*What is required*: Restate all of the following data exactly, keeping any images out of the copy.

*Dataset content*:
== Segment start ==

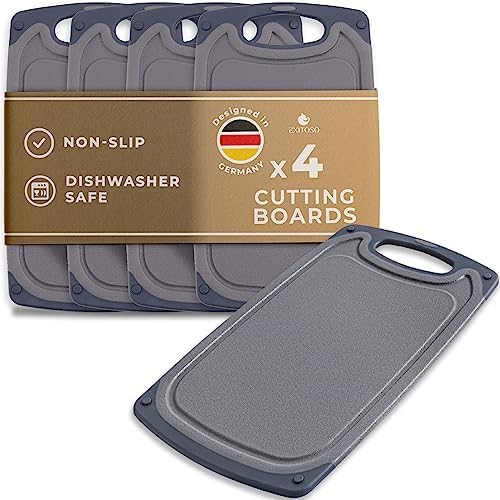 Exitoso Small Cutting Board Set of 4 - Cutting Boards for Kitchen Dishwasher Safe - Non Slip Plastic Cutting Board with Juice Groove - Small Plastic Cutting Boards For Kitchen Essentials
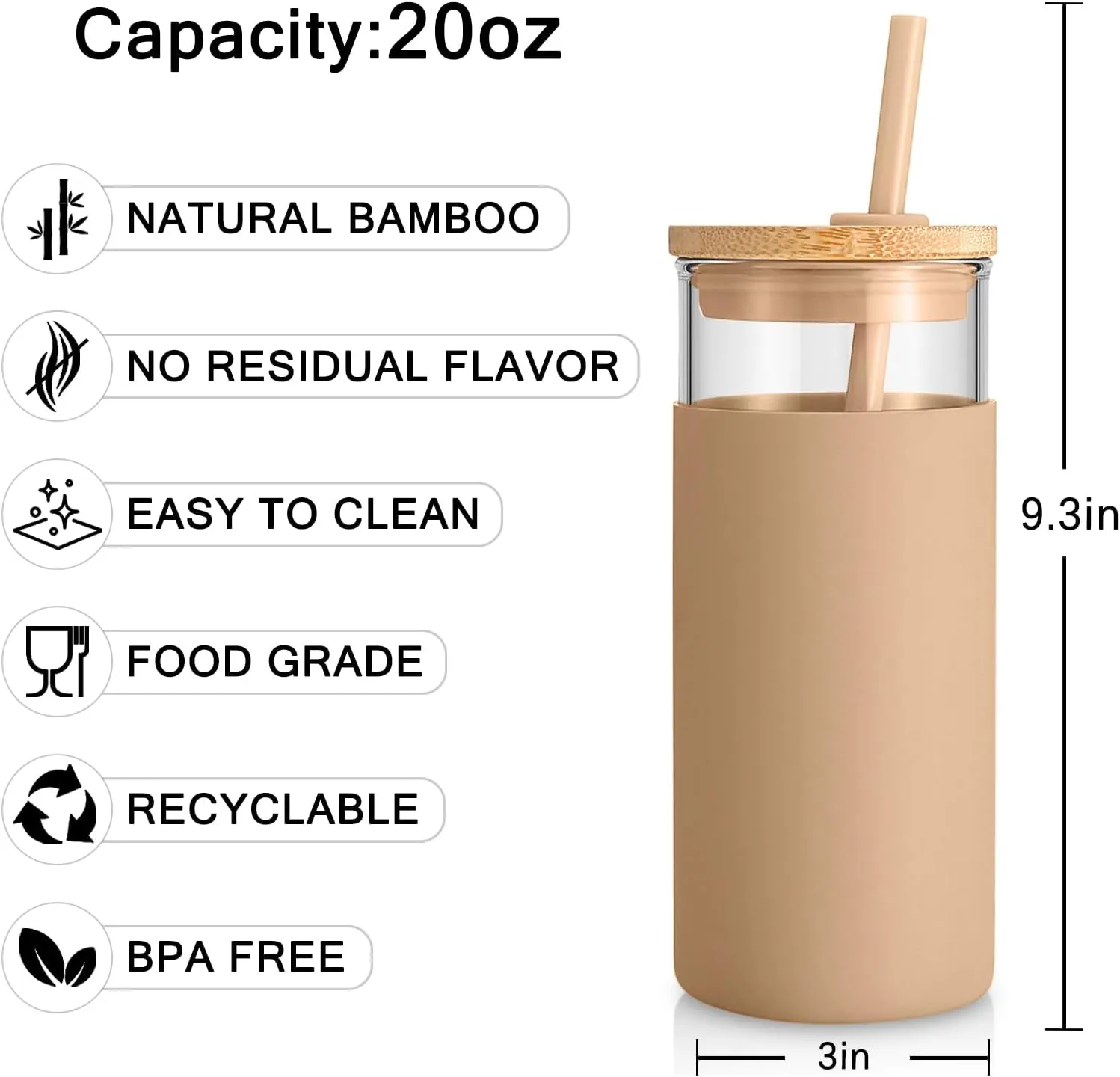 Tronco 20oz Glass Tumbler Glass Water Bottle Straw Silicone Protective Sleeve Bamboo Lid - BPA Free (Gress/ 1 Pack)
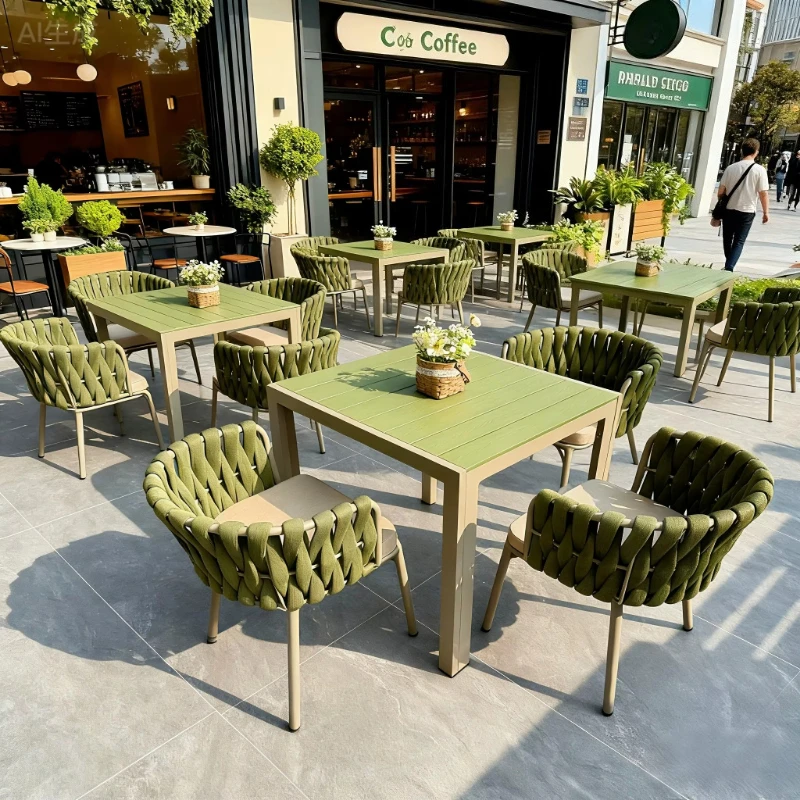 Simple dining table, garden balcony plastic wood platform, waterproof and anti-corrosion dining table and chair set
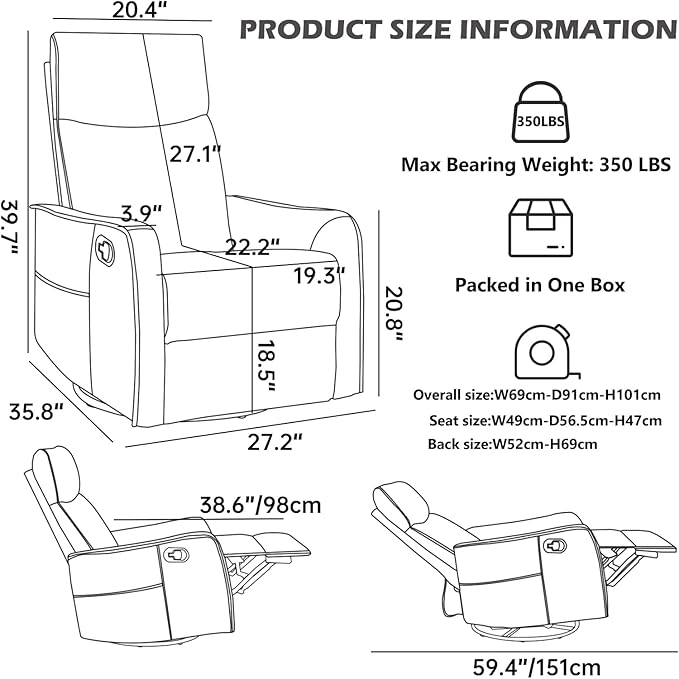 Swivel Rocker Recliner Chair 360° Swivel Recliner with Heat and Massage Rocker Recliner Nursery Glider Chair with Side Pockets for Living Room (Beige Fabric)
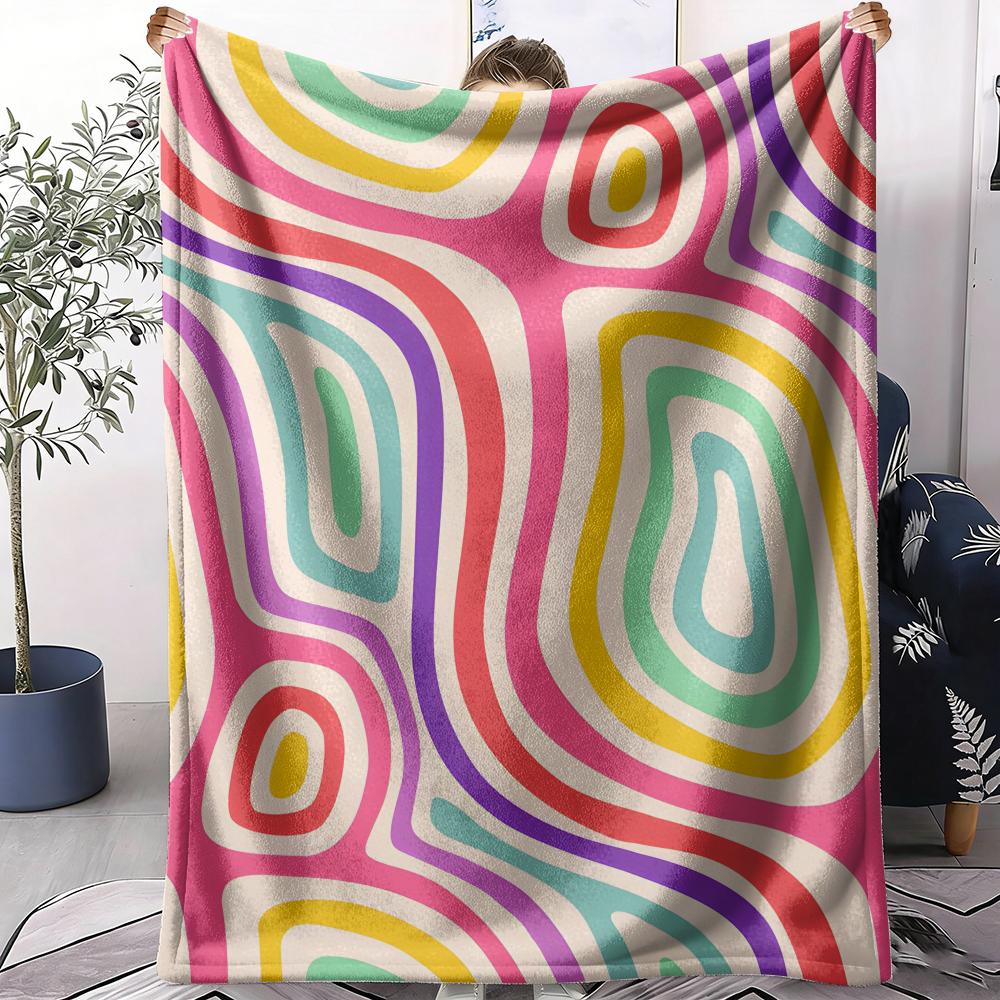 Colorful Vectors Throw Soft Flannel AC Blanket Lightweight Summer Nap Throw Cozy  Blanket for Sofa Bed Travel Home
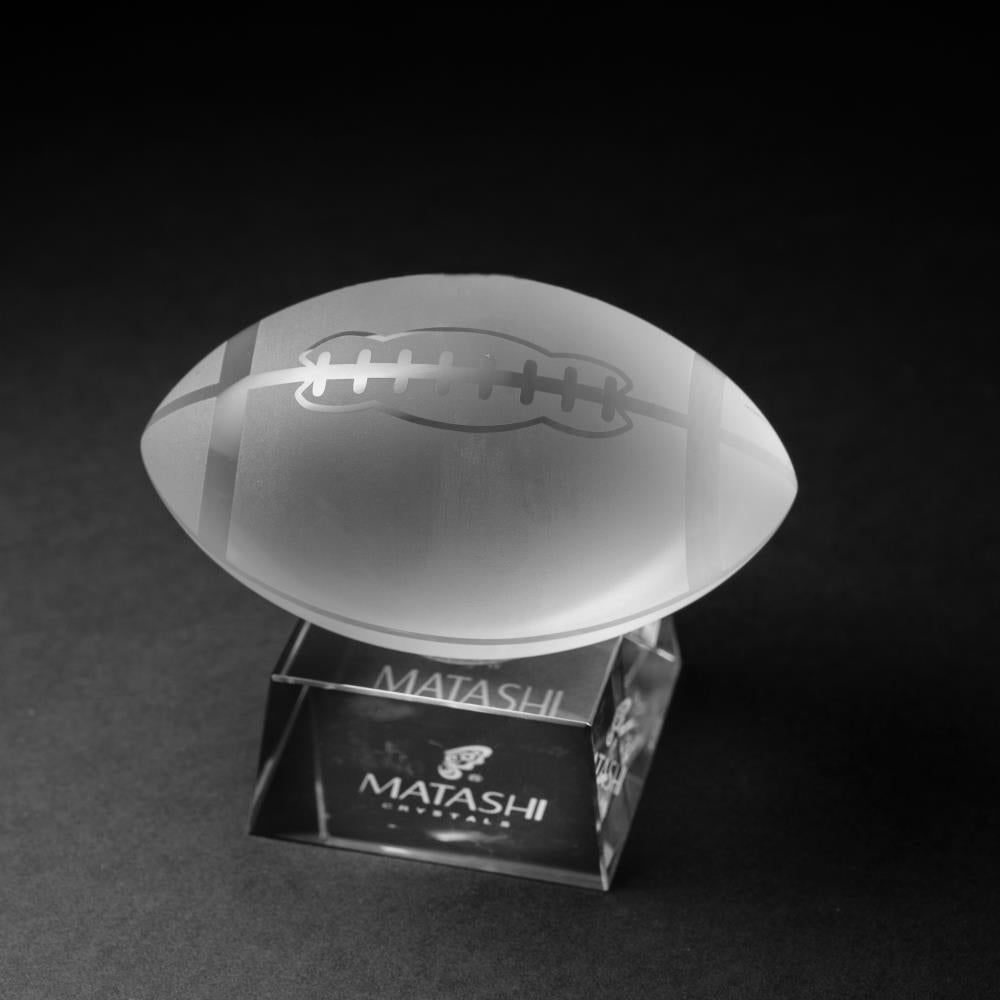 Crystal Paperweight with Etched Football Ornament and Trapezoid Base by Matashi Image 1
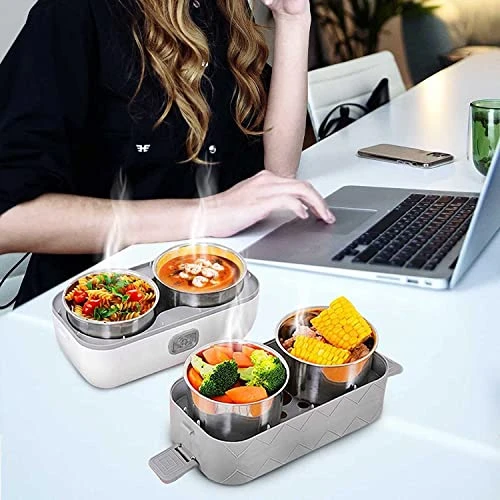 Upgraded Self Cooking Electric Lunch Box, Mini Rice Cooker, Portable 2 Layers 4 Stainless Steel Steamer Food Insulation Lunch Box For Home Office School Travel Jobsite Picnics Outdoor (2000 ML/110V/200W) 5 Upgraded Self Cooking Electric Lunch Box, Mini Rice Cooker, Portable 2 Layers 4 Stainless Steel Steamer Food Insulation Lunch Box For Home Office School Travel Jobsite Picnics Outdoor (2000 ML/110V/200W) - Image 3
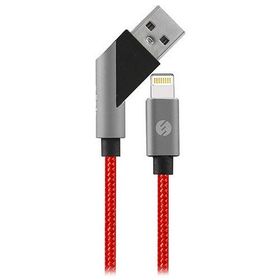 S-Link Swapp SW-C670 1M3A Kırmızı Gri iPhone Lightning Çapraz Uçlu Şarj Kablosu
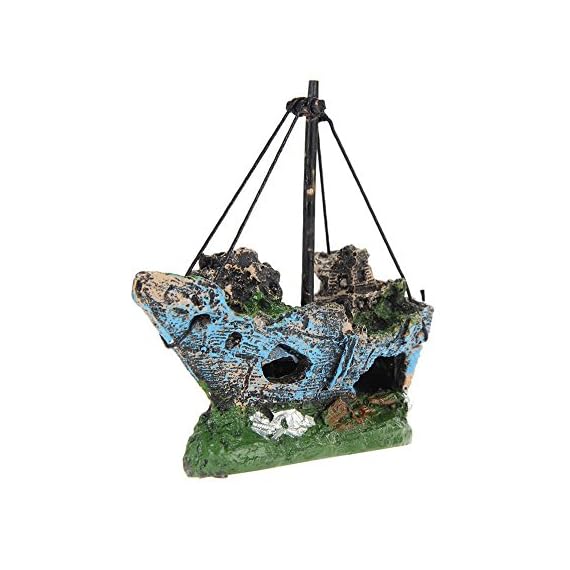 Superdream Resin Fishing Boat Aquarium Ornament Plastic Decoration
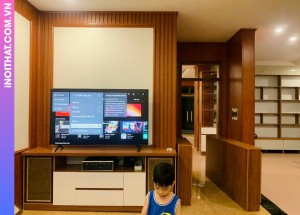 Ốp Tường Trần Nhựa Màu Nâu Đậm làm tại Xã Hòa Lạc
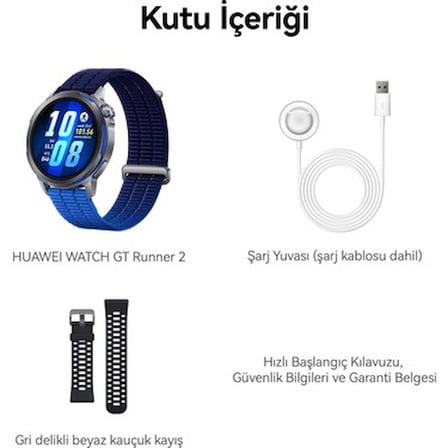 Huawei Watch GT Runner 2 Mavi Akıllı Saat, Nabız EKG HRV Takibi, Ultra Hassas Konumlandırma, Akıllı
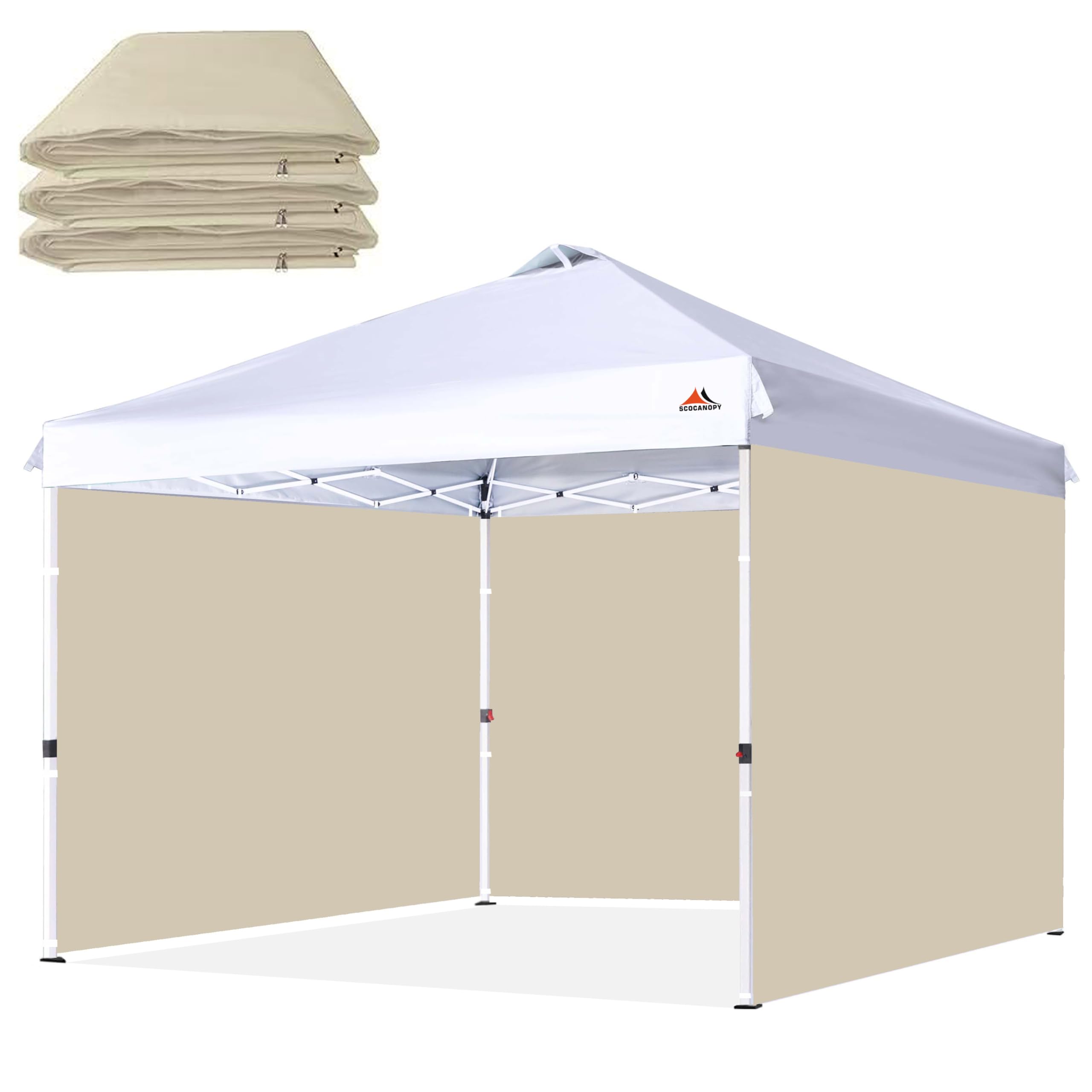 SCOCANOPY SunWall for 10x10 Pop Up Canopy Frame, 3 Pack SideWall Only (Light Khaki)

== Segment end ==

*Solution below*:
 Exitoso Small Cutting Board Set of 4 - Cutting Boards for Kitchen Dishwasher Safe - Non Slip Plastic Cutting Board with Juice Groove - Small Plastic Cutting Boards For Kitchen Essentials
 Tronco 20oz Glass Tumbler Glass Water Bottle Straw Silicone Protective Sleeve Bamboo Lid - BPA Free (Gress/ 1 Pack)
 Simple dining table, garden balcony plastic wood platform, waterproof and anti-corrosion dining table and chair set
 Swivel Rocker Recliner Chair 360° Swivel Recliner with Heat and Massage Rocker Recliner Nursery Glider Chair with Side Pockets for Living Room (Beige Fabric)
 Colorful Vectors Throw Soft Flannel AC Blanket Lightweight Summer Nap Throw Cozy  Blanket for Sofa Bed Travel Home
 Crystal Paperweight with Etched Football Ornament and Trapezoid Base by Matashi Image 1
 Upgraded Self Cooking Electric Lunch Box, Mini Rice Cooker, Portable 2 Layers 4 Stainless Steel Steamer Food Insulation Lunch Box For Home Office School Travel Jobsite Picnics Outdoor (2000 ML/110V/200W) 5 Upgraded Self Cooking Electric Lunch Box, Mini Rice Cooker, Portable 2 Layers 4 Stainless Steel Steamer Food Insulation Lunch Box For Home Office School Travel Jobsite Picnics Outdoor (2000 ML/110V/200W) - Image 3
 S-Link Swapp SW-C670 1M3A Kırmızı Gri iPhone Lightning Çapraz Uçlu Şarj Kablosu
 Superdream Resin Fishing Boat Aquarium Ornament Plastic Decoration
 Ốp Tường Trần Nhựa Màu Nâu Đậm làm tại Xã Hòa Lạc
 Huawei Watch GT Runner 2 Mavi Akıllı Saat, Nabız EKG HRV Takibi, Ultra Hassas Konumlandırma, Akıllı
 SCOCANOPY SunWall for 10x10 Pop Up Canopy Frame, 3 Pack SideWall Only (Light Khaki)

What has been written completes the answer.